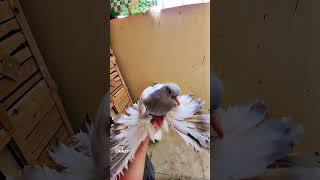 tumblerpigeon حمقلابي حمامشقلاب شقلباز شقلباظ pigeonstv Северокавказские бойные космачи [upl. by Ruhtracm]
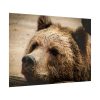 92409-529.jpg Brown Bear Snout Poster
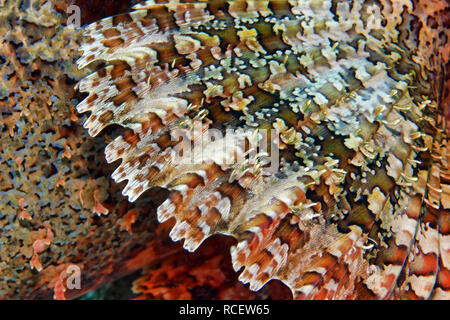 Tassled scorpionfish - Scorpaenopsis oxycephala Banque D'Images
^^^^^^^^^^^^^^^^
- _The problem_
The reply must consist of the complete listing, reproduced exactly, with no images.

- _Your response_
 tumblerpigeon حمقلابي حمامشقلاب شقلباز شقلباظ pigeonstv Северокавказские бойные космачи [upl. by Ruhtracm]
 92409-529.jpg Brown Bear Snout Poster
 Tassled scorpionfish - Scorpaenopsis oxycephala Banque D'Images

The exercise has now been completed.